Вскоре после стрима Татьяны Мартыновой мне пришлось уйти на самоизоляцию – заболела коронавирусом Маргарита Левчук, с которой мы виделись буквально за несколько дней до этого (кстати, BYSOL ей также не выплатил релокационную помощь). И в это же время в Telegram появился канал «Штаб Оношко», который стал выкладывать достаточно нелицеприятную информацию о Фонде солидарности. Обо мне этот канал тоже написал, и этот пост мне прислали родители. Моих маму и папу посетили сомнения, что я занимаюсь честным делом и правда кому-то помогаю. Я пыталась их убедить, что все нормально, при этом сама не верила в эти слова. Тем более что на планерках фонда вопрос существования этого канала всегда затрагивался. Оказалось, Оношко пишет достаточно «чувствительные вещи», нужно срочно провести внутреннее расследование и так далее. Помощь людям вновь была забыта, более того, на планерке в открытую говорили о временной заморозке выплат. Учитель Александр Крушев, которому я написала, ждал помощи более двух недель.
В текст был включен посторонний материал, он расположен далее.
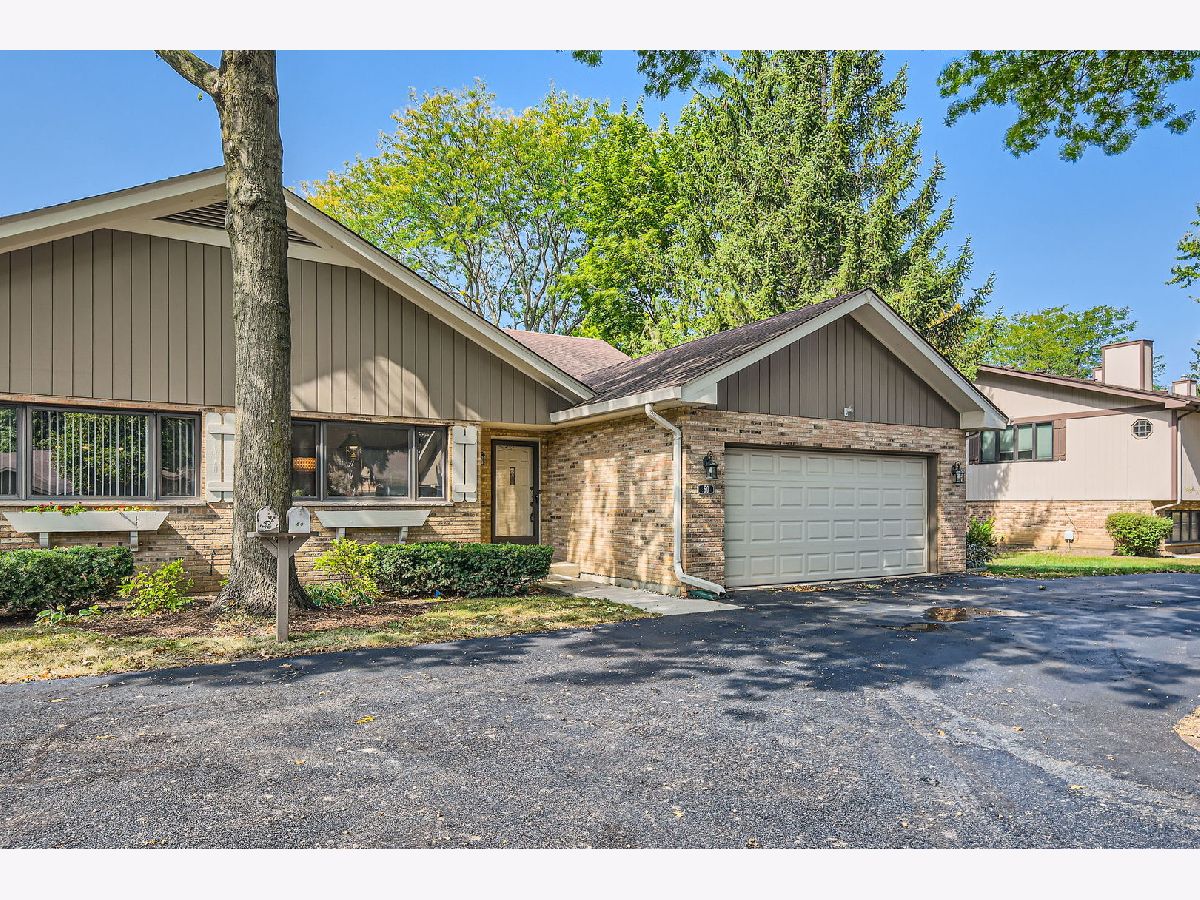 Townhomes & Homes Sold Country Club Estates Bloomingdale Illinois, 50 Chelsea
Дмитрий Матуйзо говорил, что уже распланировал свою жизнь с учетом 1500 евро, а их нет.


А чуть позже выплаты уволенным и вовсе решили заморозить, сказав, что вместо этого дадут людям «инструмент». Стало понятно, что денег в фонде, скорее всего, осталось не так уж и много. При этом руководители продолжали бравировать, в том числе и на тему того, что вокруг одни враги: СДЖ, Наталия Колегова, Ольга Карач, представители канадской диаспоры. Это больше всего напоминало риторику нелегитимного Лукашенко. Я поняла, что моя мечта помогать людям разбивается, я не могла больше работать в такой атмосфере.
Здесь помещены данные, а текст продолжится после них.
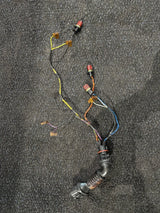 OEM Paccar MX-13 Diesel Engine Injector Jake Wiring Harness 1625018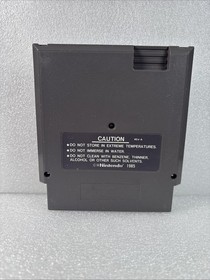 Time Lord (Nintendo Entertainment System NES) *PROBADO* ENV&Iacute;O GRATUITO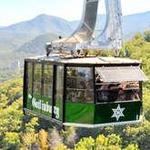 Ober Gatlinburg Aerial Tram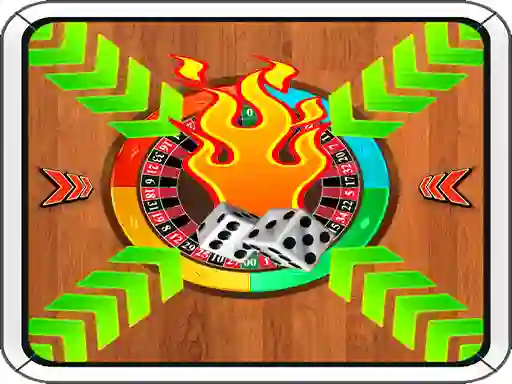Spel Quick Dice aanlyn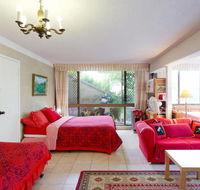 Beach Haven Studio - Accommodation Sunshine Coast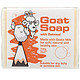 移动端：Goat Soap 手工香皂 保湿滋润 燕麦味 100g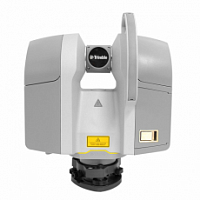 Наземный лазерный сканер Trimble TX8 Standart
После самоизоляции я вышла на работу вновь – и попала на допрос с пристрастием. Представители фонда решили, что скриншоты, выложенные на Telegram-канале «Штаб Оношко», были сделаны через мой телефон. У меня стали просить показать мой Telegram, затем – скриншоты. Я не считала, что обязана это делать, поскольку мой телефон – моя собственность. Тем более, в скриншотах были особенно дорогие мне слова и картинки, которые я бы хотела сохранить исключительно для себя, чтобы их больше никто не видел. После этого я не хотела больше видеть никого из фонда, мне было крайне обидно и страшно, ведь, скорее всего, из-за компилированных скринов никто не стал бы волноваться и переживать, а значит, «Штаб Оношко» разворошил осиное гнездо.


Через несколько дней, в четверг, меня попросили прийти в офис в пятницу. Я пыталась сказать, что в стране коронавирус, локдаун, и правительство не рекомендует выходить из дома без необходимости. На что получила ответ от Андрея Стрижака: «Все ходят на работу, и нас это не касается». Это стало последней каплей. На следующий день я написала Андрею, что хочу прекратить сотрудничество.

***

Продолжая отвечать на вопросы хейтеров, скажу: друзья у меня есть. И их очень и очень много. Я не одна, у меня нет понятия, что вокруг только враги. За все мои ошибки прошлого я извинилась перед теми, перед кем виновата. А то, что я работала в СБ, не отменяет того, что некоторые откровенно сливают протесты и воруют народные деньги.